El presidente de Estados Unidos, Donald Trump, hace un gesto mientras habla con los periodistas después de llegar al jardín sur de la Casa Blanca en Washington, DC, el 15 de mayo de 2026.
Alex Wroblewski | AFP | Imágenes falsas
El presidente Donald Trump dijo el martes que él y su gabinete ya no se reunirán en Camp David el miércoles, sino que se reunirán en la Casa Blanca.
El viaje fue cancelado “debido a las posibles malas condiciones climáticas”, dijo Trump en una publicación de Truth Social.
CNBC había confirmado el viaje planeado al retiro boscoso de Maryland el martes por la mañana, horas después de que nuevos ataques estadounidenses en Irán generaran preocupaciones sobre un acuerdo de paz anticipado.
El presidente y sus altos funcionarios estaban preparados para discutir cuestiones tanto internas como externas, dijo un funcionario de la Casa Blanca al New York Post, que informó por primera vez sobre el viaje planeado el martes.
Incluyen los “éxitos recientes de la administración, incluidos los triunfos económicos y de las pequeñas empresas, los aspectos más destacados del Grupo de Trabajo para Eliminar el Fraude y las actualizaciones de la política exterior”, dijo el funcionario al Post.
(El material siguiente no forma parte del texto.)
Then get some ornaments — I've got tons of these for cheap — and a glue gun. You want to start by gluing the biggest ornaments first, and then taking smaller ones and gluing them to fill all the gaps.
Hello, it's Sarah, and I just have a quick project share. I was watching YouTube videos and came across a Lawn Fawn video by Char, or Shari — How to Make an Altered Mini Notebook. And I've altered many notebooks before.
La Casa Blanca confirmó el informe del Post a CNBC.
Si bien Trump abandona con frecuencia la Casa Blanca para pasar tiempo en otro lugar, generalmente opta por viajar a sus propias propiedades y rara vez visita Camp David en cualquiera de sus mandatos presidenciales.
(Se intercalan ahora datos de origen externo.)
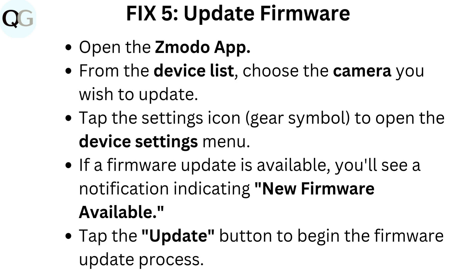Fix 5: Update firmware. Open the Zmodo app. From the device list, choose the camera you wish to update. Tap the settings icon (gear symbol) to open the device settings menu. If a firmware update is available, you'll see a notification indicating new firmware available. Tap the update button to begin the firmware update process.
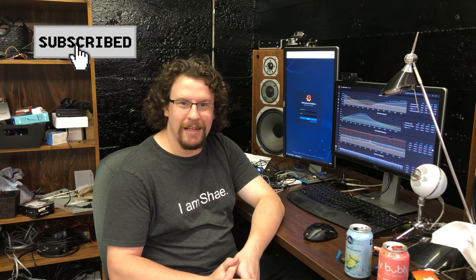Anyway, thanks for watching. Please like and subscribe if you want to see more, and I'll keep trying to make interesting videos. Until next time.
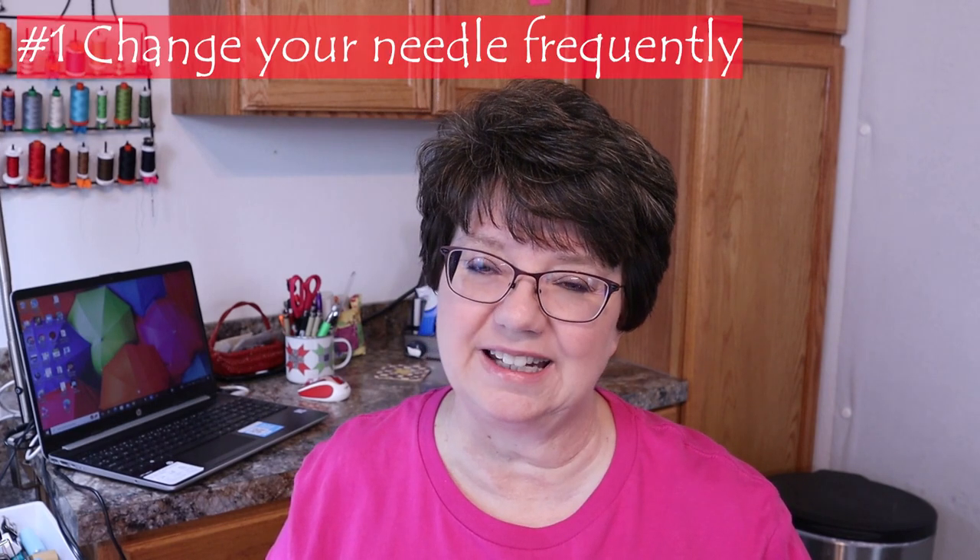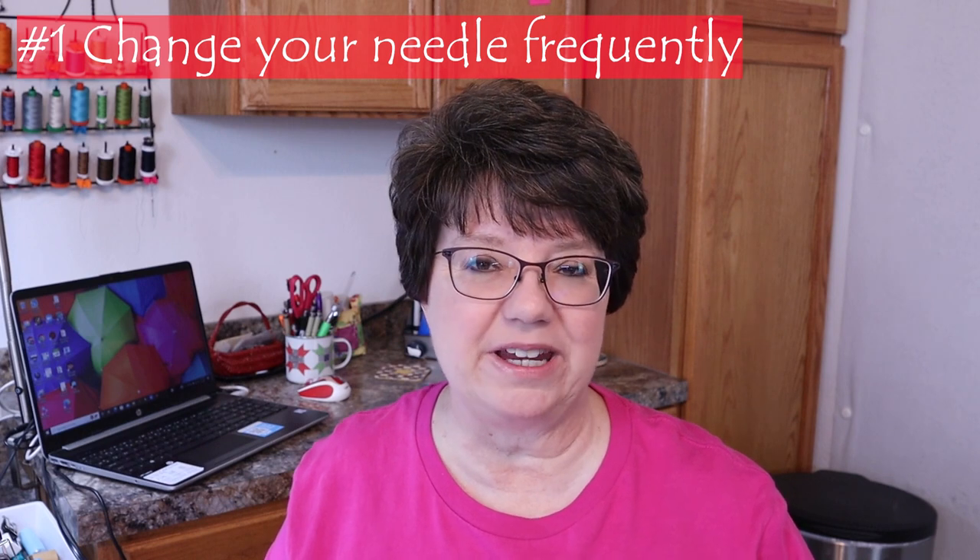Tip number two is to change your sewing machine needle frequently. This is something we sometimes fail to do and it really can affect your stitch quality. I try to change my needle after every big project just so that needle stays sharp. When that needle gets dull it's not really something we can see with our eyes, but if you look at it under a microscope it will show dulling, and again it does affect the stitch quality.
Históricamente, la propiedad presidencial ha sido el lugar de algunos importantes avances políticos estadounidenses, incluidos los Acuerdos de Camp David de 1978, que fueron firmados por el presidente Jimmy Carter, el presidente egipcio Anwar Sadat y el primer ministro israelí Menachem Begin y sentaron las bases para un tratado de paz entre Israel y Egipto.
Se espera que la actual guerra entre Estados Unidos e Israel en Medio Oriente sea un tema principal de discusión en la reunión del Gabinete del miércoles.
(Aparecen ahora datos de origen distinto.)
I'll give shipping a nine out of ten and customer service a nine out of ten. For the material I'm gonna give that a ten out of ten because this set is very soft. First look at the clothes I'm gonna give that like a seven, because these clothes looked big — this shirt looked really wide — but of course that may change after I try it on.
Las crecientes señales de progreso diplomático en los últimos días, incluida la afirmación de Trump en una publicación de Truth Social el sábado de que un acuerdo entre Estados Unidos e Irán “ha sido negociado en gran medida”, llevaron a muchos observadores a creer que el fin de la guerra de casi tres meses era inminente.
Pero no surgió ningún acuerdo durante el fin de semana, y Trump luego pareció matizar su lenguaje, escribiendo el lunes que un eventual acuerdo con Irán “será grandioso y significativo, o no habrá acuerdo”.
Si las negociaciones fracasan, será “Volver al frente de batalla y disparar, pero más grande y más fuerte que nunca. ¡Y nadie quiere eso!”. escribió en otra publicación el lunes por la mañana.
Posteriormente, las fuerzas estadounidenses llevaron a cabo ataques en el sur de Irán el martes por la mañana, hora local. El Comando Central de Estados Unidos dijo que las acciones se tomaron en defensa propia para “proteger a nuestras tropas de las amenazas planteadas por las fuerzas iraníes”.
Los funcionarios de la administración continúan insistiendo en que al menos se vislumbra un acuerdo a corto plazo, incluso cuando los medios de comunicación informan que algunos de los mayores puntos conflictivos aún se están debatiendo.
El Estrecho de Ormuz, la vital ruta comercial cuyo cierre de facto en medio de la guerra ha causado un shock histórico en el suministro de energía global, tiene que ser reabierto “de una forma u otra”, dijo el martes el Secretario de Estado Marco Rubio, según Reuters.
Rubio también dijo que más conversaciones sobre el lenguaje del acuerdo podrían “llevar algunos días”.
Trump lanzó una bola curva a la mezcla cuando, en una de sus publicaciones en las redes sociales el lunes, dijo que estaba “solicitando obligatoriamente” que una serie de naciones del Medio Oriente “firmaran inmediatamente los Acuerdos de Abraham” para normalizar las relaciones con Israel como parte de un acuerdo con Irán. Pakistán ya rechazó la propuesta, informó Reuters.
La directora de Inteligencia Nacional, Tulsi Gabbard, que anunció la semana pasada que dimitiría a finales de junio debido a la enfermedad de su marido, estaba lista para asistir a la reunión de Camp David. No se supo de inmediato si asistiría a la reunión del Gabinete de la Casa Blanca.